— WHAT YOU NEED TO DO —
As the answer, give exactly the lines of the records below from the one with "Spoorweg track, embankment" through the one with "21 S Adams Ave", ends included and pictures left out.

— DATA RECORDS —
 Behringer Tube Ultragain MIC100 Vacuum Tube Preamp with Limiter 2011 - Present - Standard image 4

---

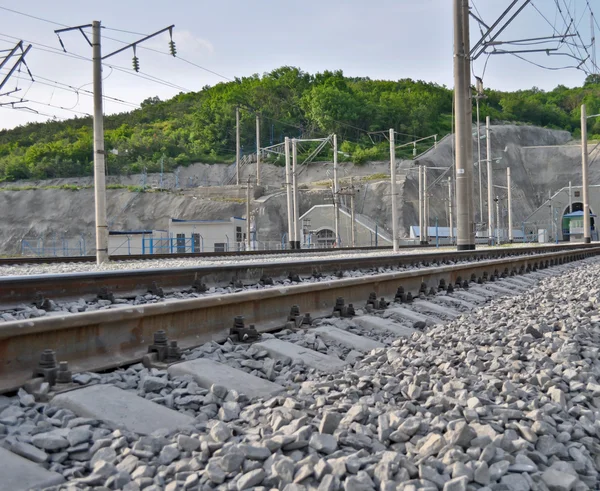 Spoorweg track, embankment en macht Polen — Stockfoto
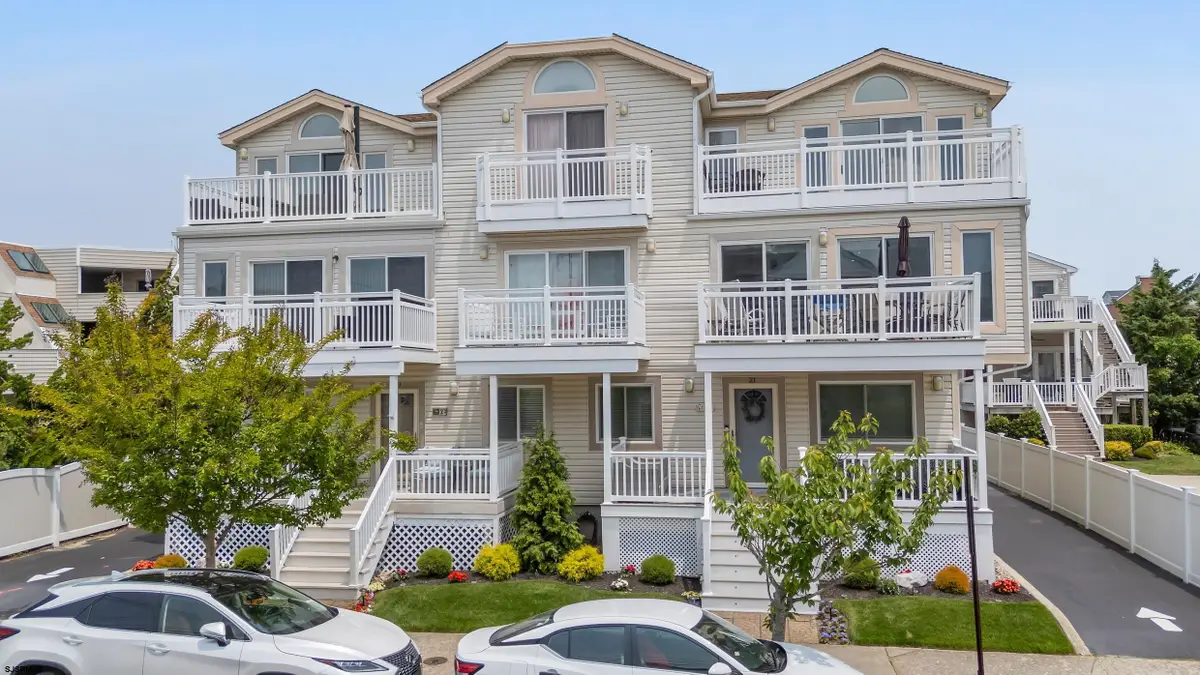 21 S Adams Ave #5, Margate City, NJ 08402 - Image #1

— RESULT OF THIS TASK —
 Spoorweg track, embankment en macht Polen — Stockfoto
 21 S Adams Ave #5, Margate City, NJ 08402 - Image #1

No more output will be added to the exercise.